US-BKP-007: Unified Semantic Indexing¶
Description: As a Lead Data Engineer, I want a background service that creates a unified semantic index of all business objects (Emails, Cards, CRM/ERP records) so that users can perform Contextual Search.
Acceptance Criteria:
- [ ] Implement a background worker that generates Vector Embeddings for new ActivityStream events.
- [ ] Index unstructured email bodies and structured CRM/ERP metadata into a common vector store.
- [ ] Expose GET /api/v1/search/unified?q=query for fuzzy/semantic retrieval across the entire enterprise context.

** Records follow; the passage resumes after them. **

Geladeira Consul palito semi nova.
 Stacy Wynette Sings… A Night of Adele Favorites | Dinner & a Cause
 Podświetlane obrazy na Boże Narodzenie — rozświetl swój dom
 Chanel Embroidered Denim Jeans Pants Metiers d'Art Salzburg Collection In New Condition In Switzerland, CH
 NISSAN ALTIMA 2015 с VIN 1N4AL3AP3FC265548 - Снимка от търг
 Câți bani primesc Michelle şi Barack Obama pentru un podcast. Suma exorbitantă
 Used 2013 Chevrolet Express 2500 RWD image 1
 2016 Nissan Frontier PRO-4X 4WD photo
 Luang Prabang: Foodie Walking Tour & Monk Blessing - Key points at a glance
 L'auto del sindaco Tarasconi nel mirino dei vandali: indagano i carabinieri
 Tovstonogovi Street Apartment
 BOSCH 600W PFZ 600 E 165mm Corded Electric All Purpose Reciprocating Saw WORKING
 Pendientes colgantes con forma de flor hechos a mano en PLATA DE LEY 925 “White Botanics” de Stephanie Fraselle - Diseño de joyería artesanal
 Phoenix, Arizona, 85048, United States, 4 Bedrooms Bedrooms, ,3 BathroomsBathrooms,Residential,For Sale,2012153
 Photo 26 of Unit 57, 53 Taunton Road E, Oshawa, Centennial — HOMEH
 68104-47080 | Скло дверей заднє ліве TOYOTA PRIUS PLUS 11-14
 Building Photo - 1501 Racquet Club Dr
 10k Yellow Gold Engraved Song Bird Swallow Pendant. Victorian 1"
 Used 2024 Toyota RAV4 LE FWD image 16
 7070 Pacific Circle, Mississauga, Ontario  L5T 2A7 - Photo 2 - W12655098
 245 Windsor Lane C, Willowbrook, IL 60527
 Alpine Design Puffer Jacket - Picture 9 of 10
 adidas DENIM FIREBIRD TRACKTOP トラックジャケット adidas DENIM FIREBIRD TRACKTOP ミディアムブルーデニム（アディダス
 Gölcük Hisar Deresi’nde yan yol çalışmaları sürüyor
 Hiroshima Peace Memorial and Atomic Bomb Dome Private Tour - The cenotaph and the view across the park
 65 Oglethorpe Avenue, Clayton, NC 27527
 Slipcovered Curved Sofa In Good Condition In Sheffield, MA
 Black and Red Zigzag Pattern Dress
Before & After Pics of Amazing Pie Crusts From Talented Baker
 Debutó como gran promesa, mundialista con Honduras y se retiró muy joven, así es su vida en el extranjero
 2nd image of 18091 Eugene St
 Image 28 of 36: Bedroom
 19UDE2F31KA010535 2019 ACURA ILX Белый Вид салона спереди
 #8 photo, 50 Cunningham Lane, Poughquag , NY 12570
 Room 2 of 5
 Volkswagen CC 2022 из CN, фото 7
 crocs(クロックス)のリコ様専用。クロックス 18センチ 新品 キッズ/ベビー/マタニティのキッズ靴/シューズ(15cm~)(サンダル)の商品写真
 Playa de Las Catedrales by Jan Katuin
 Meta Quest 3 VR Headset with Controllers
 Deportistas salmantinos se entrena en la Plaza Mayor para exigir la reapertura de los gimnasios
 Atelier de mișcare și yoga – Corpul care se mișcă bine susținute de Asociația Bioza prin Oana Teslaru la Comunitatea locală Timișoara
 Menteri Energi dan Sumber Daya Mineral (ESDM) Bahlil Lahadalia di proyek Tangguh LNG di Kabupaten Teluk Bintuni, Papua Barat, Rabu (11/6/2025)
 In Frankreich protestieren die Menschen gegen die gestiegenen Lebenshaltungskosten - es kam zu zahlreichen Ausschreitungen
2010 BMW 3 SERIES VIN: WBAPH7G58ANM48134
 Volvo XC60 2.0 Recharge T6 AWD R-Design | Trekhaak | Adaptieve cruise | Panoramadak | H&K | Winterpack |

US-BKP-008: Automated Insight Synthesis¶
Description: As a Business Analyst, I want a background service that periodically scans the ActivityStream to synthesize high-level insights (e.g., "Customer X sentiment is declining due to repeated stock-outs") so that I can take proactive action.
Acceptance Criteria:
- [ ] Implement a weekly worker that aggregates events per tenant_id and entity_id.
- [ ] Uses LLM (Ollama/OpenAI) to generate periodic summaries and "Health Scores".
- [ ] Stores insights in the InsightSynthesis table for display on the Manager Dashboard.